Cpufreq

From linux-sunxi.org
Jump to navigation Jump to search

Basics

Since the main market for Allwinner are mobile devices it is one of the design goals of their SoCs (System on chip) to be able to operate both performant as well as energy efficient. An important role plays 'cpu frequency scaling'. The lower the clock speed, the slower the device and the less energy it consumes (and vice versa). Even the voltage available to the ARM core(s) will be adjusted depending on the clock speed. This is done inside the kernel by defining operating-points, which provide mapping between clock speeds and voltages (the higher the CPU is clocked the more voltage it needs to still operate reliable). Depending on the kernel version, the operating points can be hardcoded in the kernel sources (the sunxi-3.4 kernel on A10), defined in the FEX file (the sunxi-3.4 kernel on A20) or stored in the device tree blob (the mainline kernel).
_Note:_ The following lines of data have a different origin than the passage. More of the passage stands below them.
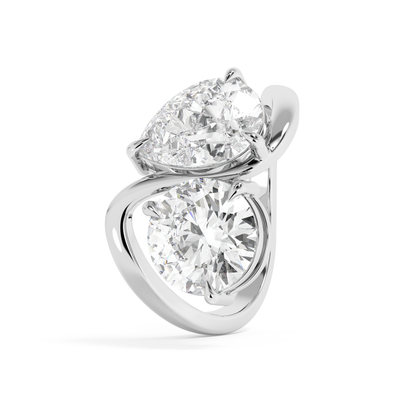 Emerald Solitaire Lab Grown Diamond Engagement Ring
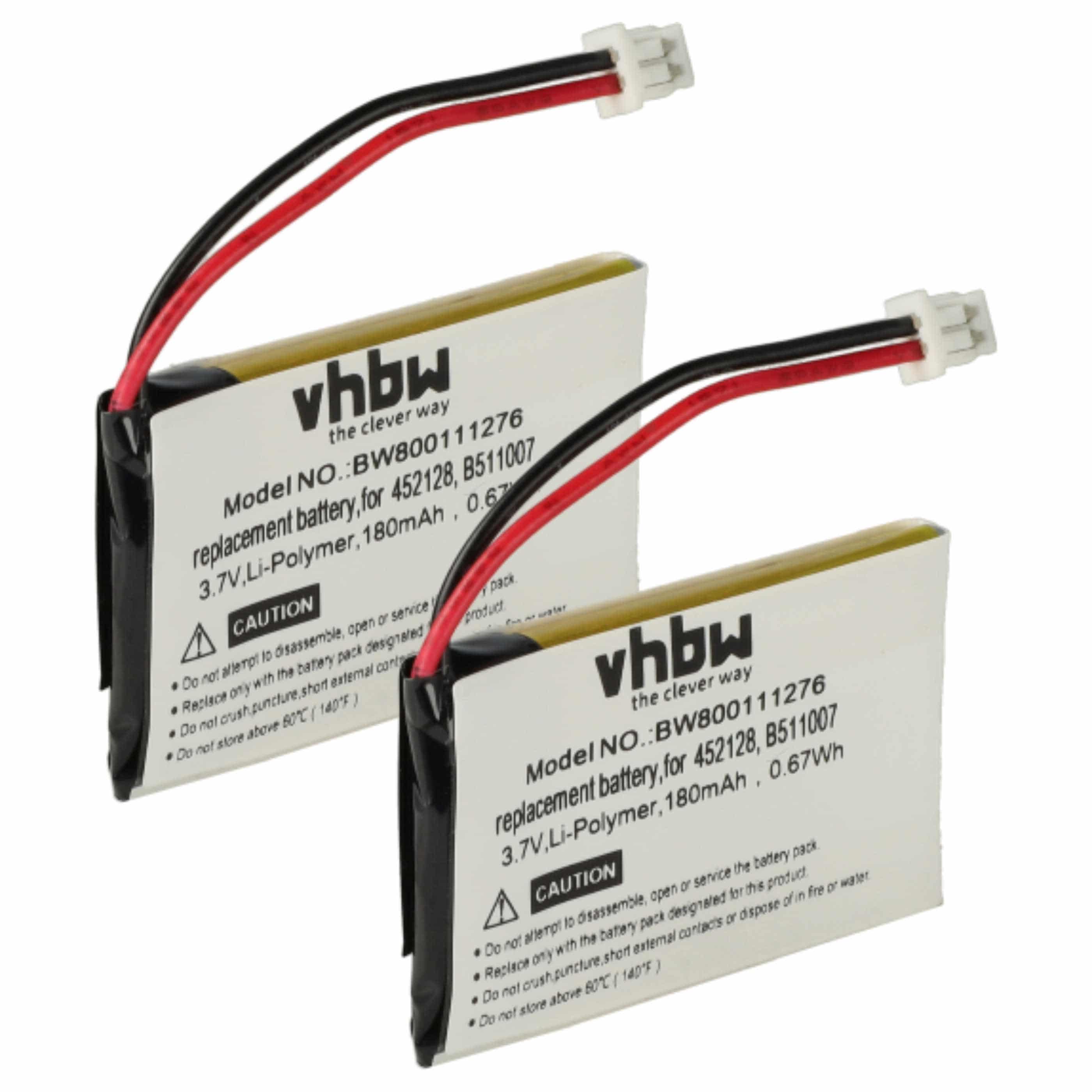 2x Akumulator do słuchawek bezprzewodowych zamiennik 452128, B511007 - 180 mAh 3,7 V LiPo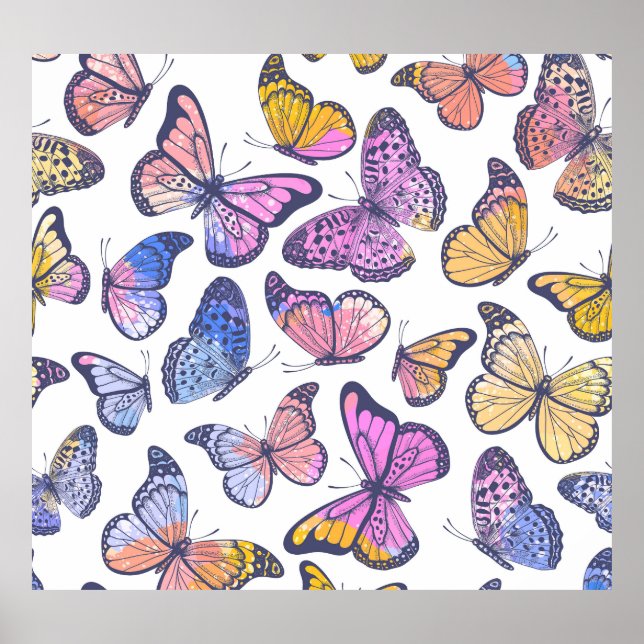 Póster Mariposas acuarelas: Patrón de cosecha Pastel. (Frente)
It's not enough to define a set of CPU frequency/voltage mappings and upper/lower limits but also strategies to switch between them are needed. These so called cpufreq governors are responsible for that. If your kernel supports cpu frequency scaling you can get the list of available governors and dvfs_table-mappings/operating-points by:

cat /sys/devices/system/cpu/cpu0/cpufreq/scaling_available_governors
cat /sys/devices/system/cpu/cpu0/cpufreq/scaling_available_frequencies

Possible adjustments

Out of the available governors the most interesting seem to be ondemand and interactive since they dynamically switch cpufreq settings based on load. The interactive governor is only available in the sunxi-3.4 kernel, because it is a simple pragmatic enhancement of the ondemand governor, tailored for Android and shipped on millions of devices. It was submitted to the mainline kernel but never accepted, because the ondemand governor itself is considered to be broken by design (the "waking up to decide whether the CPU is idle" concept) and polishing a turd was not welcome. So the default with mainline kernel is now ondemand (you can adjust that by writing to scaling_governor) and the lower/upper limits are 144000 and 960000 on sun7i (144MHz-960MHz). Since the default lower limit might be responsible for a laggy system (it takes quite a bit of time for the governor to realize that the frequency needs to be increased) it's advisable to define the lower limit yourself adjusting /sys/devices/system/cpu/cpu0/cpufreq/scaling_min_freq eg.

echo 408000 >/sys/devices/system/cpu/cpu0/cpufreq/scaling_min_freq

You can also lower the maximum value by adjusting scaling_max_freq. Please be aware that adjusting these values works in 48MHz steps and is not limited to the few operating-points/dvfs_table-entries. You can use any value in between min/max but have to keep in mind that the values supplied will be rounded down: you will end up with just 864MHz if you set scaling_max_freq to 911999 instead of 912000 -- always compare with cpuinfo_cur_freq if in doubt.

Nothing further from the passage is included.